September 8 2016, 13:25:28 UTC 10 months ago
RE: The Brown children's heritage
September 8 2016, 21:52:22 UTC 10 months ago
Toby actually meets a pure-blood Roane -- and yes, she is a seer. She is also specifically described as having blue eyes (One Salt City, Kindle Edition, page 249): "...and a golden-haired woman with the uniformly blue eyes characteristic of the Roane."). No other details are provided about the eyes, however -- but we can safely assume that they aren't unusually bright, because /that/ is a characteristic of the Tylwyth Teg (it comes up repeatedly whenever Walter is introduced).
Cassandra's eyes are specifically described as blue in the Drams and Slumbers novella (Once Broken Faith, Kindle Edition, page 377: "...They were an unprepossessing shade of blue, the sort of thing no one would choose for an illusion unless they were natural.").

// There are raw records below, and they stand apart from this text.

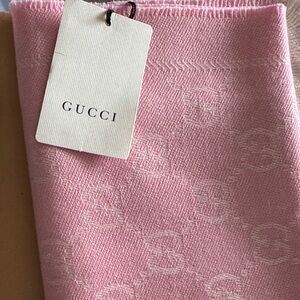 Gucci Pink Monogram Scarf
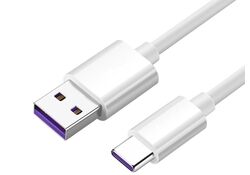 Cavo per ricarica e sincronizzazione USB Type C 3m bianco ricarica rapida 5A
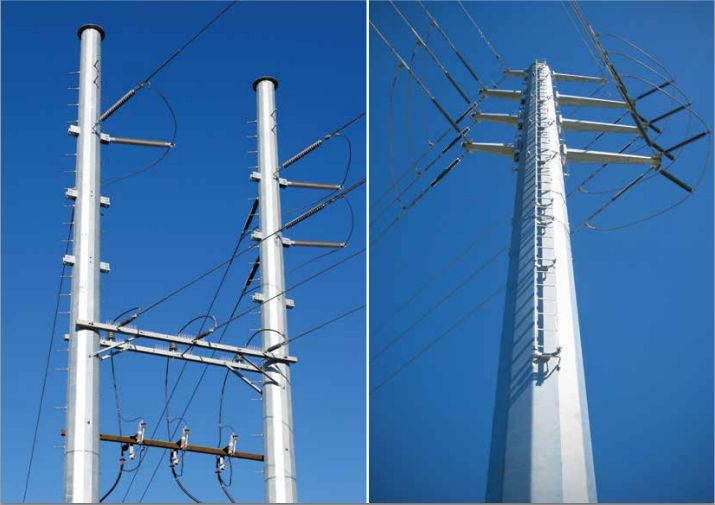 Преимущества и недостатки опоры и угловой башни в области электропередачи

The color of Karen's eyes doesn't seem to be given in Once Broken Faith -- despite several obvious opportunities to do so (her eyes are mentioned in the context of tears in several places), although given that Karen appears many times in this book it is very likely that I missed something.
Oddly, Cassandra's eyes are described as "blue-grey" in A Local Habitation (during the birthday scene near the beginning of the book), but the none of the other Browns eye color is stated (in that scene -- Karen also plays a large role in this book, so short of re-reading the entire book). There are several reasonable explanations for this, though: "Something changed between A Local Habitation and Once Broken Faith, either in that book or in 'One Salt Sea' " or "Just a continuity glitch" or even "Toby was just flat-out wrong in A Local Habitation, as identifying the eye color of those she meets /isn't/ one of her powers :)"
So, yeah, the theory looks to have some legs.